_Exercise instructions_: Reprint the lines below as they are, minus the pictures.
Data excerpt Block Start
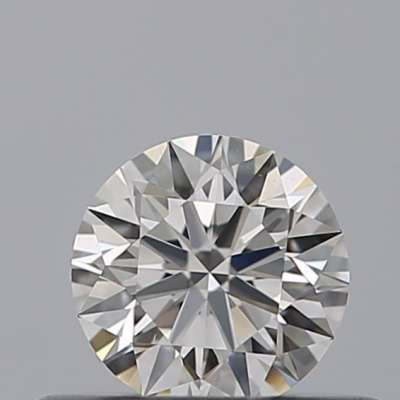 Certified Diamond IGI Carats 0.34 Color D Clarity VVS2  EX  EX  EX Fluorescence FNT Brown No Green No Milky No EyeClean 100%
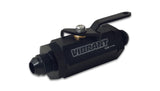 Vibrant -10AN to -10AN Male Shut Off Valve - Black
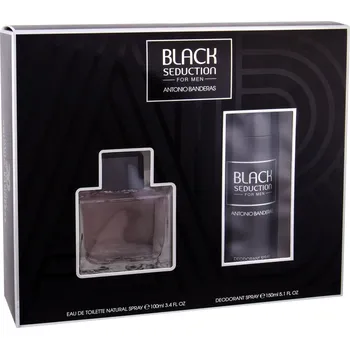 Antonio Banderas Antonio Banderas Seduction in Black, Toaletní voda 100 ml + dezodorant 150 ml Toaletní voda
Data excerpt Block End
_Result below_:
 Certified Diamond IGI Carats 0.34 Color D Clarity VVS2  EX  EX  EX Fluorescence FNT Brown No Green No Milky No EyeClean 100%
 Vibrant -10AN to -10AN Male Shut Off Valve - Black
 Antonio Banderas Antonio Banderas Seduction in Black, Toaletní voda 100 ml + dezodorant 150 ml Toaletní voda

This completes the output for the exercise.